Required action: Repeat verbatim what the listing holds, but not its pictures.

(Available data Opens)

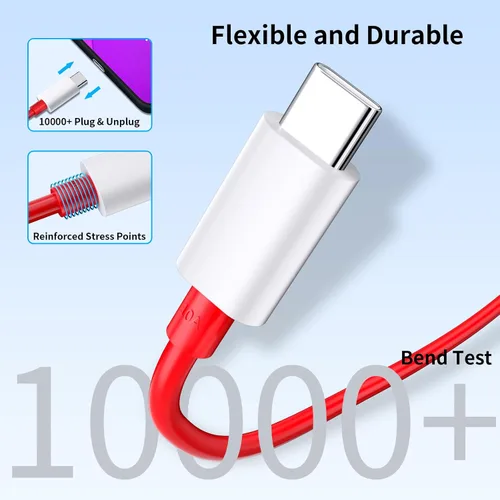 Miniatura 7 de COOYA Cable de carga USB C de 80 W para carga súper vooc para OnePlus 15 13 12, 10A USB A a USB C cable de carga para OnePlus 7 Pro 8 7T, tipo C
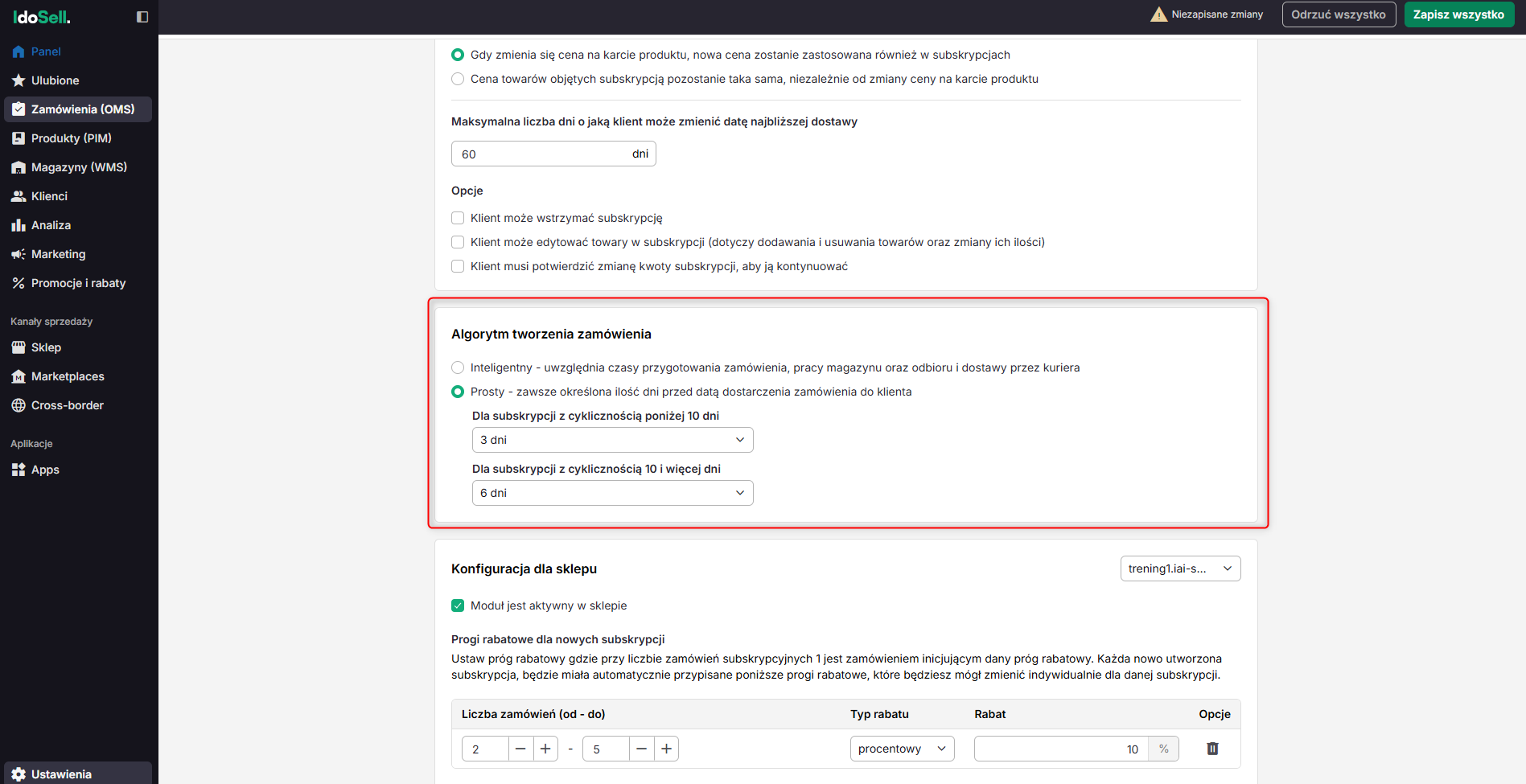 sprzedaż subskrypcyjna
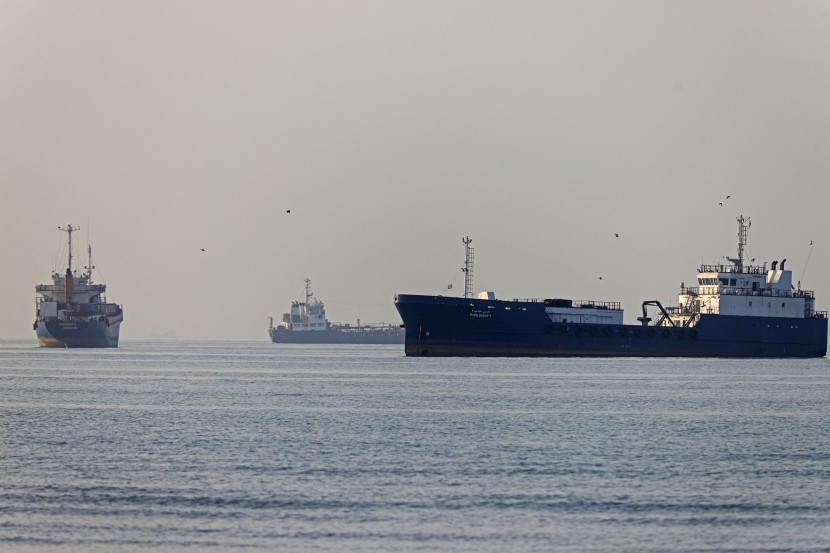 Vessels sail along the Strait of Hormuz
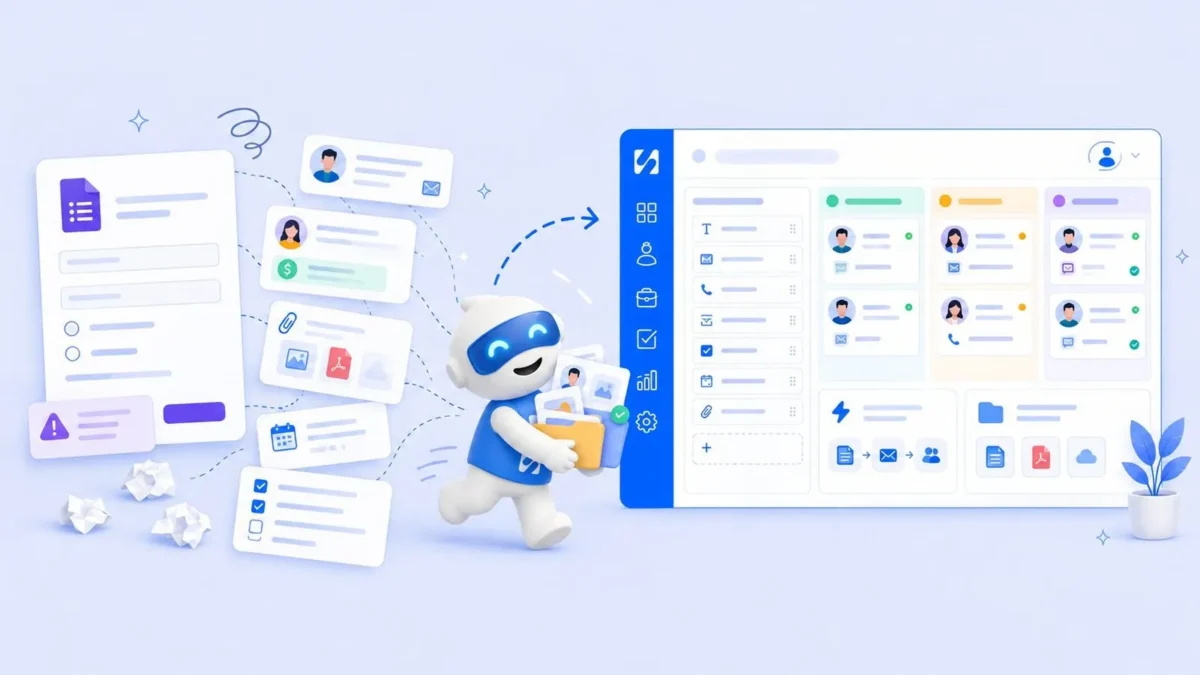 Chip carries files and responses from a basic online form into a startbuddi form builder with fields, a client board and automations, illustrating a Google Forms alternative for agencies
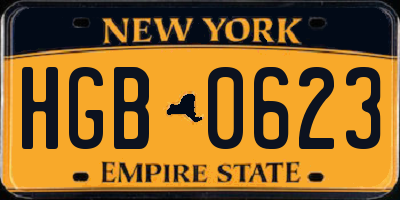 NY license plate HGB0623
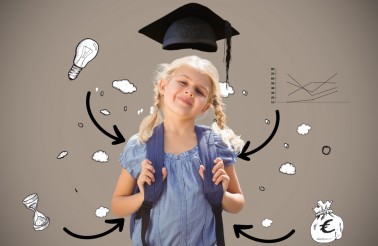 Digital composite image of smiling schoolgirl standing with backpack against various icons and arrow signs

(Available data Closes)

Solved problem:
 Miniatura 7 de COOYA Cable de carga USB C de 80 W para carga súper vooc para OnePlus 15 13 12, 10A USB A a USB C cable de carga para OnePlus 7 Pro 8 7T, tipo C
 sprzedaż subskrypcyjna
 Vessels sail along the Strait of Hormuz
 Chip carries files and responses from a basic online form into a startbuddi form builder with fields, a client board and automations, illustrating a Google Forms alternative for agencies
 NY license plate HGB0623
 Digital composite image of smiling schoolgirl standing with backpack against various icons and arrow signs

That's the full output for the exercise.